(Records contained in a dataset)
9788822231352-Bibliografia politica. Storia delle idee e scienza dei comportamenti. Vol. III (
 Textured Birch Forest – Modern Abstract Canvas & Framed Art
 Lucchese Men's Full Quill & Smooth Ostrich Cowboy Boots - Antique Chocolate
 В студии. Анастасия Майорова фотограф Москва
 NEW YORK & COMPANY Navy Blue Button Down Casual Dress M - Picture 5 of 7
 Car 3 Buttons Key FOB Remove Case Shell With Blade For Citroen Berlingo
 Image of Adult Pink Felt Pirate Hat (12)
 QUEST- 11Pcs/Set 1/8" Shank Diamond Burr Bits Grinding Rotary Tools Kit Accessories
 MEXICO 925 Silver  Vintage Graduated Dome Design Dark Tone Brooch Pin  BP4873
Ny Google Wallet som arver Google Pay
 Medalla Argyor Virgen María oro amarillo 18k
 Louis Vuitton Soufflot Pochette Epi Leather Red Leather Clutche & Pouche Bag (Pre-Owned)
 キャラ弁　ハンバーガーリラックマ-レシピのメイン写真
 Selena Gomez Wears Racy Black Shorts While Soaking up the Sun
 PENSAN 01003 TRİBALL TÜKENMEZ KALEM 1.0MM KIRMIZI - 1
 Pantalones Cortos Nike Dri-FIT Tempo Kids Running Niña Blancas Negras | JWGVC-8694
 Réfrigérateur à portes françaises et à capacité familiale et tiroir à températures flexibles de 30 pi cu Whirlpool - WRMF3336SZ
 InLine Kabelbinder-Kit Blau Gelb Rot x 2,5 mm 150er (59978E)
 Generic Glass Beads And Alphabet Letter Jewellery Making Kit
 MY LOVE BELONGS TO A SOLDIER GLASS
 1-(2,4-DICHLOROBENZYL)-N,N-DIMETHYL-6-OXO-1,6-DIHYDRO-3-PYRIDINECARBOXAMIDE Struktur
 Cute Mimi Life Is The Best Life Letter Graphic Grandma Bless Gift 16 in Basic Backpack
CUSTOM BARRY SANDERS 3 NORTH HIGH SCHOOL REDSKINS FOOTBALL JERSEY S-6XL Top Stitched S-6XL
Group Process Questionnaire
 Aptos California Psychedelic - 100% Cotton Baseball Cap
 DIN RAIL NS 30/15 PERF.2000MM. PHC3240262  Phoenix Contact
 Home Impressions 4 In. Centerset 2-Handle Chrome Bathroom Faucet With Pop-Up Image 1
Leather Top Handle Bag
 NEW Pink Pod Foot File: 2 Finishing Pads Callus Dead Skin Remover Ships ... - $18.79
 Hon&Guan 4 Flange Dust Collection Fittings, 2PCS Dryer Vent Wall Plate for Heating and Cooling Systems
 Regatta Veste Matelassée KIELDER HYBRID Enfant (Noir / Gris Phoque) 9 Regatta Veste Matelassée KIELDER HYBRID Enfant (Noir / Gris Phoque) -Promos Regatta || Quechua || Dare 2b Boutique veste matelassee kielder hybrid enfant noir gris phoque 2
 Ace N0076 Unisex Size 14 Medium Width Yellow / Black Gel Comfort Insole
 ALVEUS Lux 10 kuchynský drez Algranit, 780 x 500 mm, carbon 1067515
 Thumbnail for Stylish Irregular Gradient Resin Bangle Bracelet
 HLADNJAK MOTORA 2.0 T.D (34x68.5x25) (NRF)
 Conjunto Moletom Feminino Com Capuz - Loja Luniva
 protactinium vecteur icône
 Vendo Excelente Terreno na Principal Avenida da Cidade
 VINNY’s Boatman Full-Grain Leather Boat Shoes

Problem statement - Go through the data above and count the lines that hold "Letter". Respond with the number and no other words.

Response area - 2